Fort Hood, in Texas, has shifted away from fossil fuels to wind- and solar-generated energy in order to shield the base from its dependence on outside sources, a spokesman said.
“We need to be autonomous. If the unfortunate thing happened and we were under attack or someone attacked our power grid, you’d certainly want Fort Hood to be able to respond,” Chris Haug, a spokesman for Fort Hood, said in a phone interview.
The project brings the Army base, home to 36,500 active-duty personnel and some 6,000 buildings, in line with the Department of Defense’s decade-long effort to convert its fossil fuel-hungry operations to renewable power.
It comes in the wake of a President Trump’s decision last week to withdraw the United States from a landmark a global agreement to fight climate change, the Paris accord, a move that drew condemnation from world leaders and heads of industry.
The project is already fully operational. Its 63,000 solar panels, located on the base’s grounds, and 21 off-base wind turbines provide a total of some 65 megawatts of power, according to an Army statement.
Previously, some 77 percent of base’s energy was generated by fossil fuels, a 2015 draft report assessing the renewable energy plan shows.
Burning fossil fuel generates greenhouse gases that are blamed by scientists for warming the planet.
The Paris accord aims to reduce such emissions, including by encouraging a shift to clean energy.

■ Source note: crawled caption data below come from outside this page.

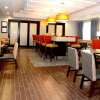 Отель Hampton Inn Suffolk, фото 14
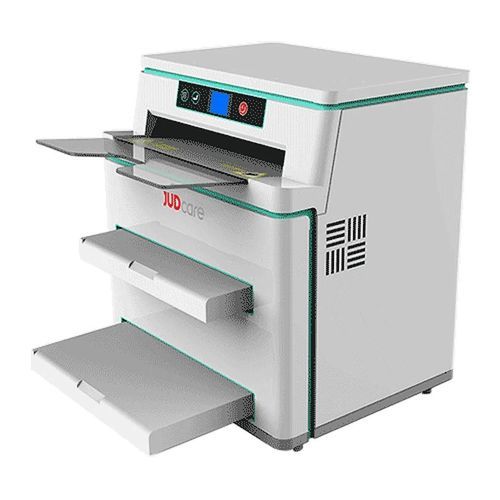 放射胶片打印机 - MDST-22 - Shenzhen Juding Medical Equipment Co.,Ltd.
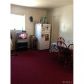 811 E 94th St, Los Angeles, CA 90002 ID:1386861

Fort Hood’s new solar field and wind farm will result in savings of more than $100 million over some 30 years, the Army said.
Over the last decade, the U.S. military and intelligence officials have developed a broad agreement about the security threats that climate change presents, in part by threatening to cause natural disasters in densely populated coastal areas, damage American military bases worldwide and open up new natural resources to global competition.
The number of military renewable energy projects nearly tripled to 1,390 between 2011 and 2015, a Reuters analysis of Department of Defense data previously showed.
The Defense Logistics Agency (DLA), a Department of Defense agency assisting the Army in its renewable-energy shift, is also working with the U.S. Air Force on long-term renewable energy projects, a DLA spokeswoman told the Thomson Reuters Foundation.